New channels with old original brackets, weld nuts and curved horns. The horns were a bit of work to patch. But everything seems straight and the measurements seem to have worked out so far. Overall seems light/springy but strong.
 

sill 1

 

sill 2

 

sill 3

 

Attached is the rough fit - things seem to line up well.

 

rough fit

 

More or less from what I can tell the horns are the same thickness but the horns seem formed with thickness variations due to the metal stretching in the tooling, etc. And they have no sharp corners with fluid radius stuff going on all over - including a slight curve on face, etc. There were fine (but distinct) welds on the top and bottom - the same area I welded. But maybe the "face" was part of the main (all one piece)? My sill was too rotten to really tell what was going on with the face area.

factory weld

More drawings relating to the rear floor and sill areas:

“A” is patch channels for the front of the bed, the area right above the rear heater. Channels are 14 GA and 16 GA and around 40 inches.

“B” are small channels that go vertical above the sill at the back door frame/end of wheel cover area.


bed kevin

 

Started to weld the main sill structure to my crusty old bed - still trying to save as much original as possible. Getting the outside sill cover ready - decided to go with some "drain holes" instead of sealing everything up.

 

crusty bed

channels

drain holes

My floor was toast around the sill and toast around the front floor support/body mount area - not pretty everywhere else but I've decided to try to use it to keep everything original. After-market don't seem to match stock - like the stamped pattern indent with the 2 + screws on each side (rear support area), heat shield brackets bottom side, etc. etc.

My stock floor looks good from the bottom, pitted and rough on top. I cut the floor back from the sill, made a 16ga replacement patch (joined to the 14ga sill) that the 18ga sill "cover" goes over. In other pock-marked floor areas I'm filling small surface craters with a plug weld and grinding them down. The front floor support/body mount area I'll try to replace with the channels from Awl-TEQ. This 14ga support (with 16ga over the top) will need the old heat shield brackets welded to the new channel.

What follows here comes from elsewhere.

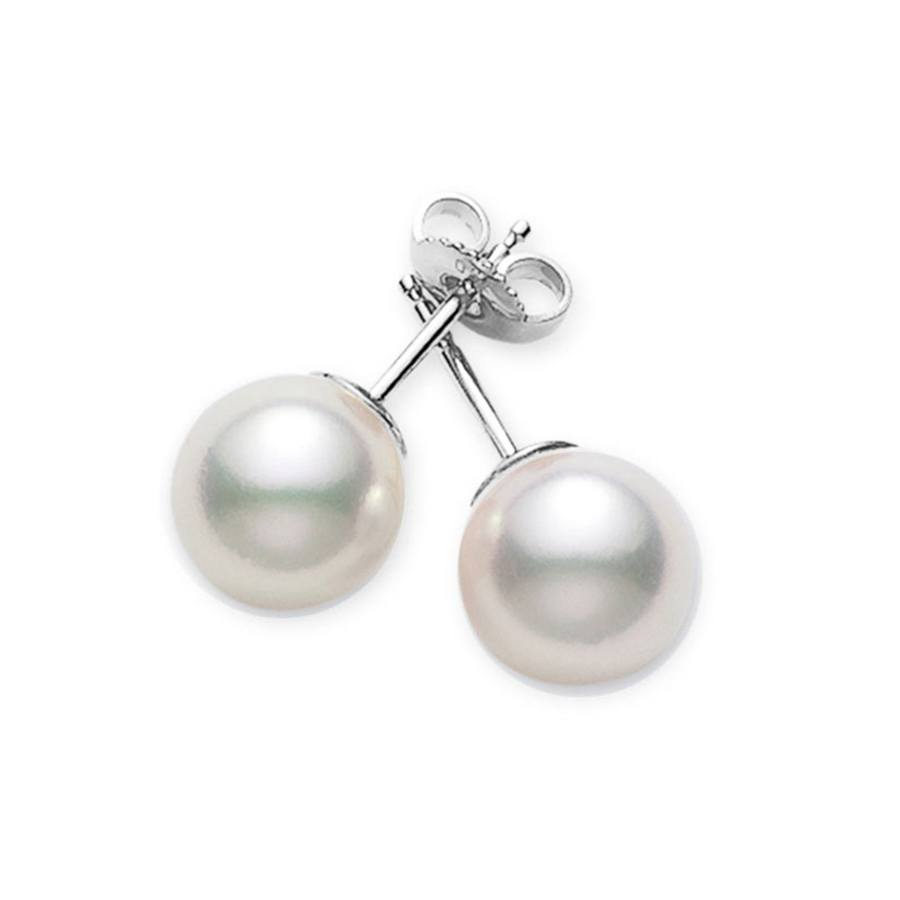 Mikimoto 6.5-6mm AA Pearl Stud Earrings in White Gold | LMFJ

This hopefully will get me a solid floor that is still more or less original. Still will have a bit of corrosion in the floor-to-wheel cover seams, which I'll clean and try to seal with POR15 and seam sealer before paint. I may try to pull the rear support (the one with 4 + bolts) to clean that area up - might just leave it and try to run some POR15 in the channel from below, etc.

 

I've been using 3M Weld Primer - II 05917. It's the silver stuff in the attached photo. Everyone says you don't use much but it sure doesn't seem to last too long for me and still splatters a bit. On a plug weld once the two pieces are joined together I wipe/acetone the paint off the hole area, and fight through the splatter on the weld until I get a good plug. Who knows how much this will help the hidden areas but I guess it's better than nothing. The U-Pol Weld-Through Primer stuff (zinc or copper) sounds good (less splatter?) but it costly too and I can't seem to find it anywhere. The sill and sill cover (image 2) were both painted with 3M before they went together - as well as those vertical channel lap joints. Doesn't smell great when it's hot so ventilation and maybe a good mask helps. It's the silver paint in the orange circle below.